This article by Li Lianxing on the Wits China-Africa Reporting Project was originally published in China Daily Africa
Making a difference is not easy, but certainly possible if one is determined, seems to be the motto driving China-Africa media cooperation, with the prime objective being to counter the biased, distorted reporting of Western news organizations with balanced, objective reporting.
Brigitte Read, project coordinator of the Wits China-Africa Reporting Project, hosted by the Journalism Department of the University of Witwatersrand in Johannesburg, South Africa, says balanced reporting is the way forward for Africa and something that China can help champion on the continent.
“The essence of good journalism is to uncover truth, but for some reasons the West always talks about China and Africa in myths and stereotypes,” she says. “The best way to address such cultural imbalances is by using the media platform to exchange objective information about one another.”
She says the Wits project aims to improve the quality of reporting in China-Africa issues. According to Read, despite the expanding links between the two sides, reporting is often inadequate or polarized, either portraying China as an exploiting predator or a benign development partner.
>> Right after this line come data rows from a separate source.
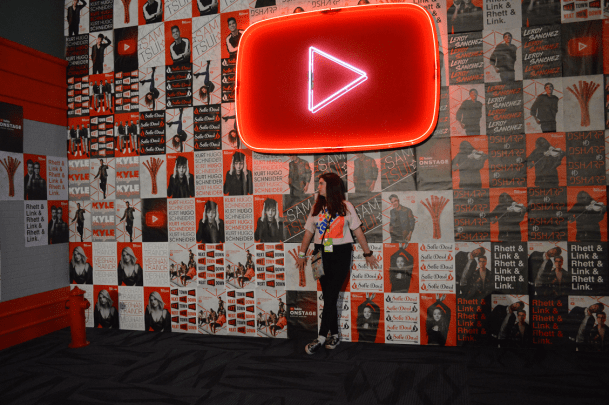 vidcon-yt-on-stage-20_750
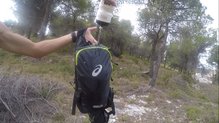 El agua resbala fácilmente y no entra en el interior de las Asics Fujitrail Speed Backpack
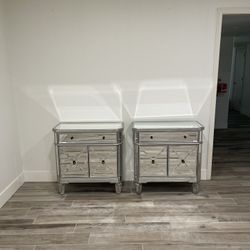 Dasheil Mirror Nightstands (2)
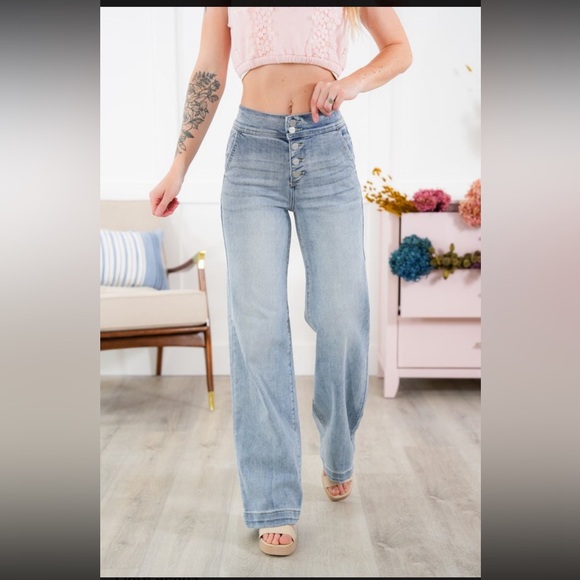 Risen High Rise Light Wash Wide Leg Flare Jeans - Picture 4 of 4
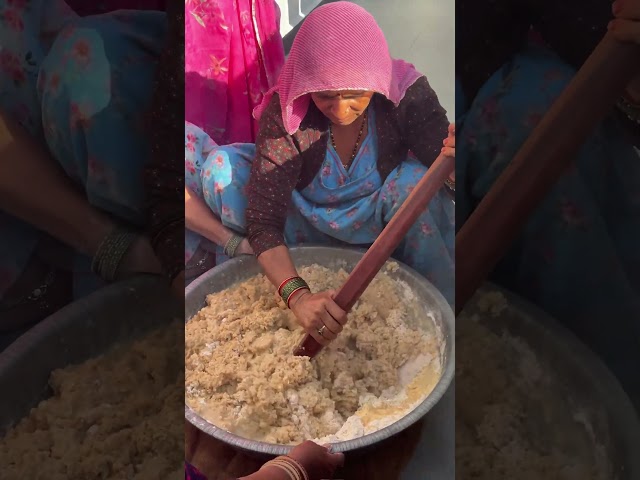 desi khana ☺️ #food #villagelife #vlog #rajasthani #roti #youtubeshorts #desi #rajasthan #culture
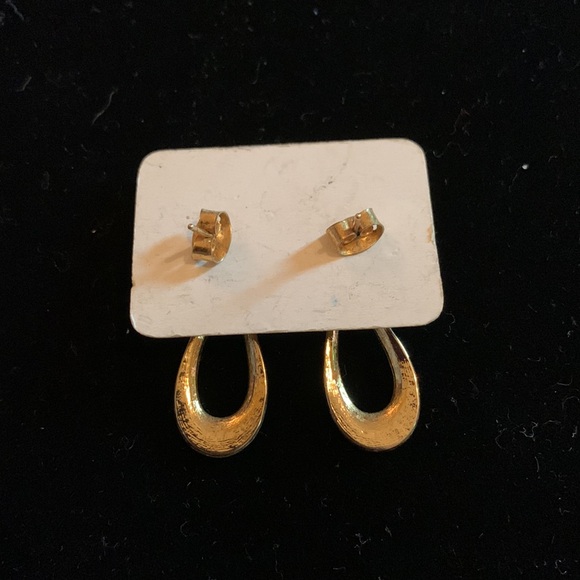Classic gold tone loop 1” pierced earrings - Picture 2 of 3
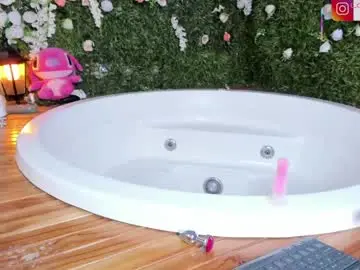 Chaturbate Sex Cam of emmaamartinez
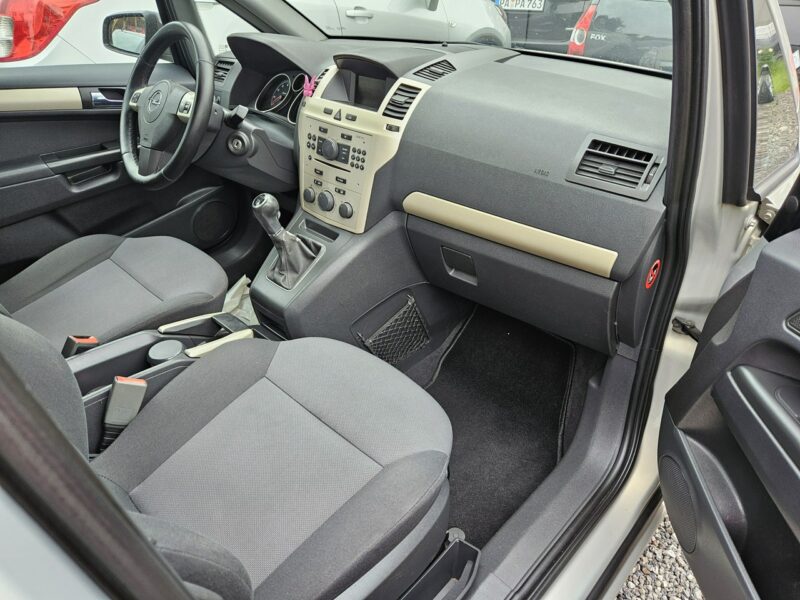 Opel Zafira 7 Foteli / Klimatyzacja / Czujniki parkowania / Komputer B (2005-2011)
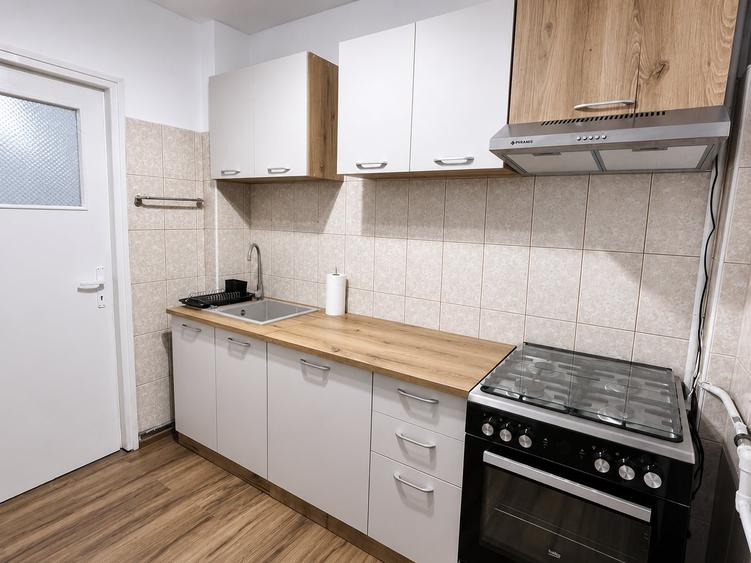 Apartament cu 3 camere decomandat, mobilat în Crângași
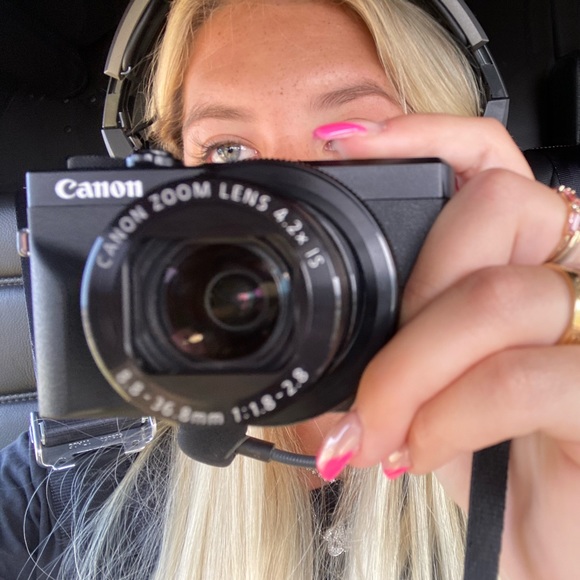 Profile Picture of Alex Starr (@alexbloom984) on Poshmark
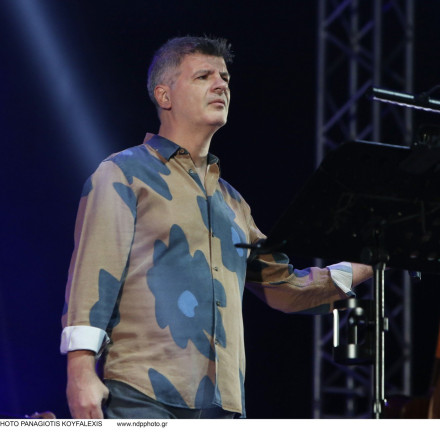 Ο Φοίβος Δεληβοριάς παίρνει θέση στο μπιφ Χαρδαλιά - Δούκα  για το ρεβεγιόν της Πρωτοχρονιάς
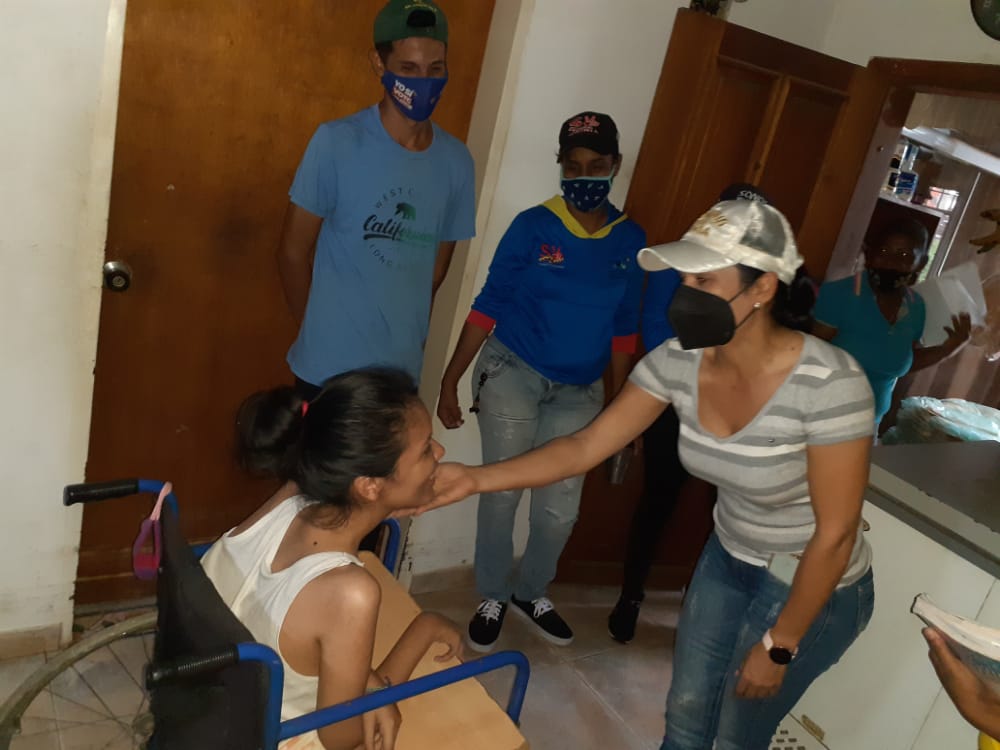 MariaVallenil15's tweet photo. Vamos a recuperar la Asamblea Nacional y a ponerla a disposición del Pueblo..Somos los Diputad@s Patriotas que rescatemos junto al Presidente @NicolasMaduro la Dignidad y La Paz @CCDarioVivasMon @_LaAvanzadora @dcabellor @Marlenycdc_ #6D #YoSíVotoPSUV Victoria Perfecta https://t.co/oq1M3k7Vp8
The project offers reporting grants to African and Chinese journalists and encourages collaboration to investigate the complex dynamics, uncover untold stories and enable research for journalism students looking at media responses to China’s engagement with Africa.
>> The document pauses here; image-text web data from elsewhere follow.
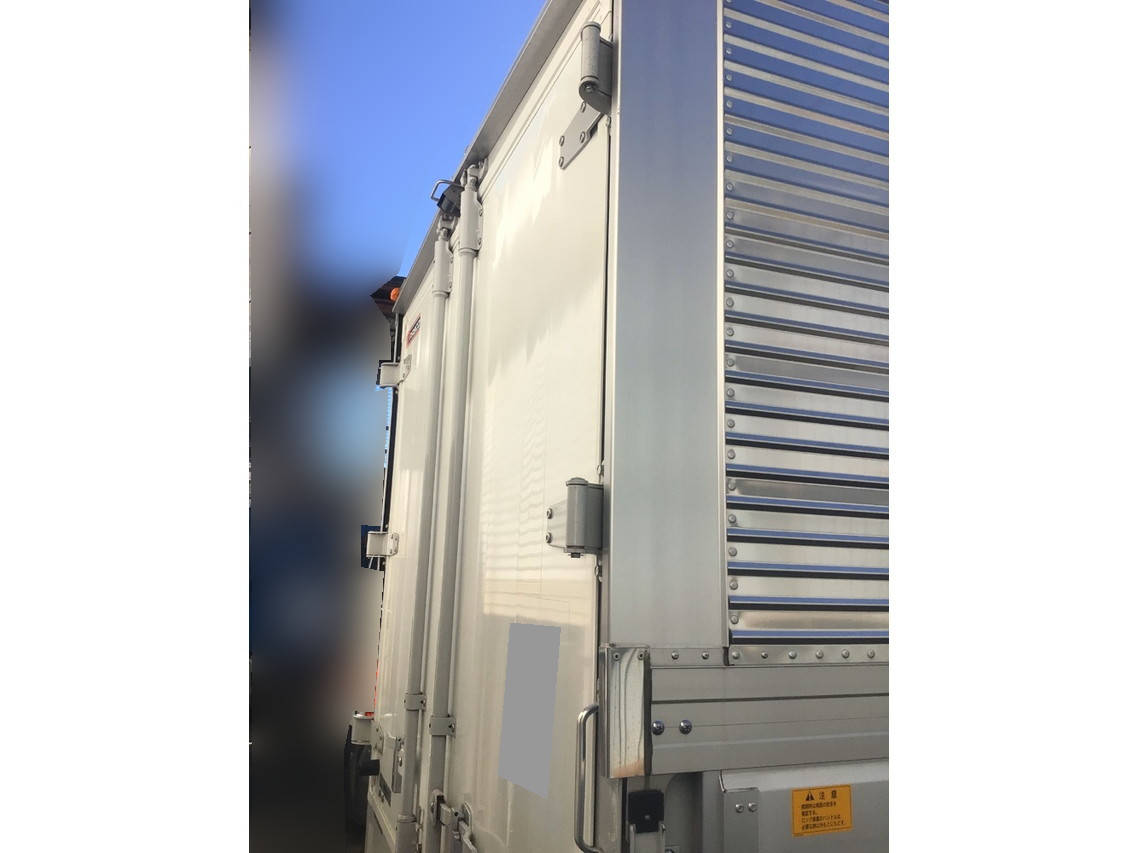 三菱ふそうキャンターアルミウイング小型（2t・3t）[写真09]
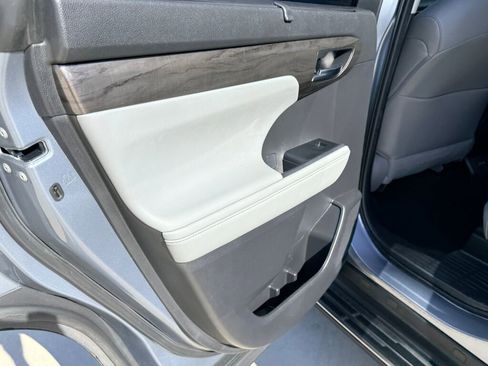 Used 2023 Toyota Highlander Limited image 18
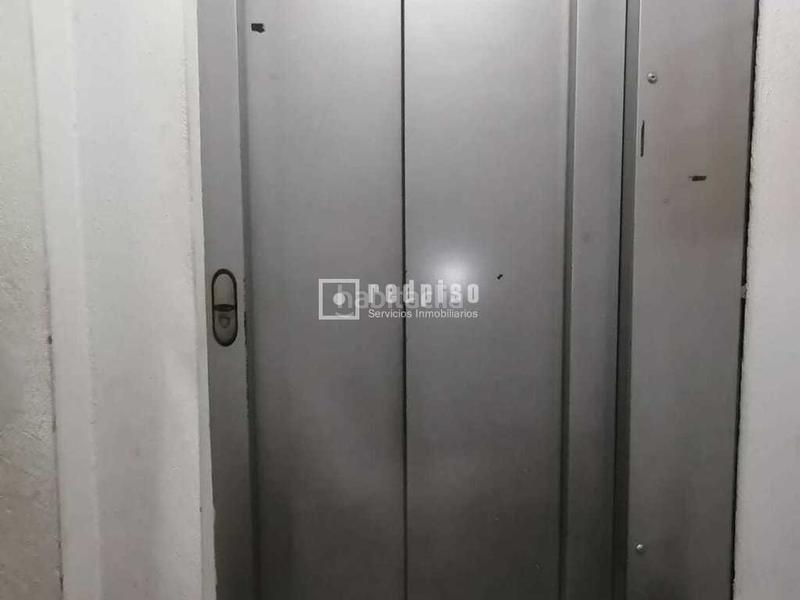 Foto f3f2e005-8c52-40fa-b5cf-ea49462e959e. Car parking in Veredillas Torrejón de Ardoz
“If they could collaborate with each other, they would have more access to each other’s information channels to produce more balanced stories,” Read says.
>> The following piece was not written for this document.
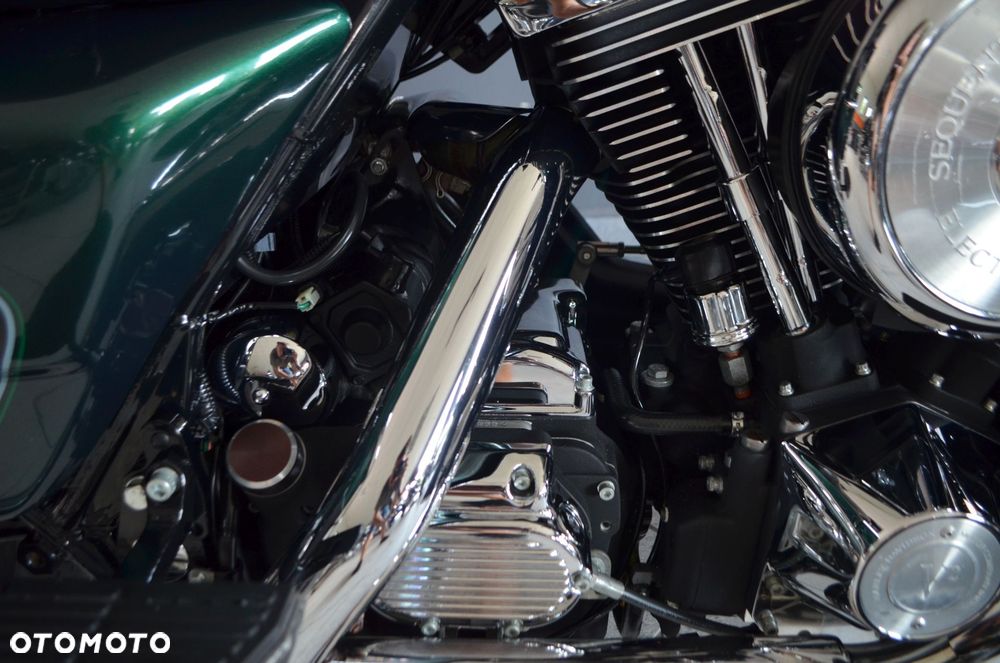 Harley-Davidson FLHT Electra Glide Standard - 14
The program attaches great importance to the topic proposal and preference normally is given to proposals with a relatively narrow focus around a specific project or issue, rather than ambitious or broad attempts to analyze the overall effect of Chinese engagement.
“Topics suggested in the first batch of applications in 2010 were quite broad: ‘I want to write a story about Desmond Tutu or Nelson Mandela’ and other similar stereotype stories. It made the proposal more like a tourist or Googled idea,” she says. “But we have been learning and improving every year.”
Read says 75 percent of the applications (50) they received in 2013 were good enough to be considered, a much healthier situation than earlier years.
“Most of the applications that we received were from Chinese media personnel. Although five years’ work experience is required, it is something that we are willing to negotiate on if the proposal and background of the applicants are quite strong,” she says.
Read says there was considerable interest among last year’s applicants in Africa and some of the topics were self-supporting, thereby making the program more efficient.
“As we have a limited number of fellowships and grants, we had to give up many good proposals this year. But some of the topics and proposals were too good to forget and we are exploring possibilities of getting outside support for them.”
Read says that though it is more convenient and practical to conduct the program in Africa, she would not be surprised if she gets good partners for the same in China if a similar program is held there.
“I don’t think African journalists are at a stage where they can understand China and China-related issues. In addition, there are visa and language problems to deal with before we can introduce the programs in China,” she says.
Liu Hongqiao, a 23-year-old environmental journalist with a Chinese economics magazine, was granted the Oxpecker Environmental Investigative Journalist Fellowship under the project in 2013, and spent three months in South Africa reporting on transnational wildlife crime.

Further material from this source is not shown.